Delfi Limited, formerly Petra Foods, is a Singaporean confectionery manufacturer.

History
Delfi Limited was established in 1984 by John Chuang and his brothers as Petra Foods Pte Ltd.. 

In 2012, Petra Foods entered into an agreement with Barry Callebaut where the latter would acquire the cocoa ingredient business of the former. The acquisition was completed in 2013.

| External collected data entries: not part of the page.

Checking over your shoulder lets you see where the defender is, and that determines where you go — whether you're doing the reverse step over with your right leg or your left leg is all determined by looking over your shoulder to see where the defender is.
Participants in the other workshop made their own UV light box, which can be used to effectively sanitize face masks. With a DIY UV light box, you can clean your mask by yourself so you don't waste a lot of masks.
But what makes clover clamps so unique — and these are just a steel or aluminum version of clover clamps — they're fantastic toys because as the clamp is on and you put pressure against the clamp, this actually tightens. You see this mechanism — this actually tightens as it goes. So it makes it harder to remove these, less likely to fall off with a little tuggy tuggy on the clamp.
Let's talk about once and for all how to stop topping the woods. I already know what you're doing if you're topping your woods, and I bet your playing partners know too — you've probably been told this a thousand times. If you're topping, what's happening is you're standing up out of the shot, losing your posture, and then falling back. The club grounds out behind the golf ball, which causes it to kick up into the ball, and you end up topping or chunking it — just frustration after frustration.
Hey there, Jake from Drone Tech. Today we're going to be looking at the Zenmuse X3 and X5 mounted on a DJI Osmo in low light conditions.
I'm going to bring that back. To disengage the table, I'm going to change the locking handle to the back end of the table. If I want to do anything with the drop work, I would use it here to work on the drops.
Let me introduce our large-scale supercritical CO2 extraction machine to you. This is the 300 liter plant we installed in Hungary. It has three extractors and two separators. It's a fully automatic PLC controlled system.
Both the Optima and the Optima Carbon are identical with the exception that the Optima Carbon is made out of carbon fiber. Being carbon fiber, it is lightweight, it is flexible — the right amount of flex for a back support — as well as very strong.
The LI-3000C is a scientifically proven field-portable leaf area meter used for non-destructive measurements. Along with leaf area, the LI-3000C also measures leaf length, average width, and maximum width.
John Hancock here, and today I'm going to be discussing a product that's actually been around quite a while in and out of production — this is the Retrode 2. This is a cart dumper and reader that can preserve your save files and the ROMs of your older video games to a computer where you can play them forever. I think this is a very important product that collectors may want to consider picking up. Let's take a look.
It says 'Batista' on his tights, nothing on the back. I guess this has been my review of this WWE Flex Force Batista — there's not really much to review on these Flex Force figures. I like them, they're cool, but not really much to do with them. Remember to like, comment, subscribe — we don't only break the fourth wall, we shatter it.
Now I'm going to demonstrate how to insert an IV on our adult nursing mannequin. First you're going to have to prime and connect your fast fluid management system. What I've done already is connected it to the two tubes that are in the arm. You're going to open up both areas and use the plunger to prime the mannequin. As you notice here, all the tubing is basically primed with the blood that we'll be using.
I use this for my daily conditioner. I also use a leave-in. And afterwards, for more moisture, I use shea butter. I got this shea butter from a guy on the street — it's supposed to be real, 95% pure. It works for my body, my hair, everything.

In 2016, Petra Foods announced its intention to rename itself as Delfi Limited, after its main brand to mark a shift from focusing on cocoa ingredients to chocolate-based confectionery.

Products and brands
Prior to Delfi Limited's divestment of its cocoa ingredient division, it was known for providing cocoa ingredients to companies such as Cadbury, Mars, Meiji, and Nestlé. 

Among its products is Take It, a chocolate-coated wafer. Delfi has been involved in a legal dispute with Nestle in Singapore for Take It's similarity with the latter's KitKat. Delfi won the dispute in 2014.

In 2018, Delfi acquired the license for Van Houten chocolate brand.

It also owns Philippine brands Goya and Knick Knacks as well as Indonesian chocolate bar brand SilverQueen.

Operations in the Philippines
The operations in the Philippines is managed by Delfi Marketing Inc. and Delfi Foods, Inc. It manages local chocolate confectionery brand Goya which was previously owned by Philippine Cocoa. Philippine Cocoa was acquired by Nestlé in 1997 and Delfi (as Petra Foods) became involved with the Goya brand in 2006. Petra Foods would eventually bought Philippine Cocoa from Nestlé.
 Delfi also manufactures Knick-Knacks chocolate product in the Philippines. It operates a manufacturing plant in Marikina.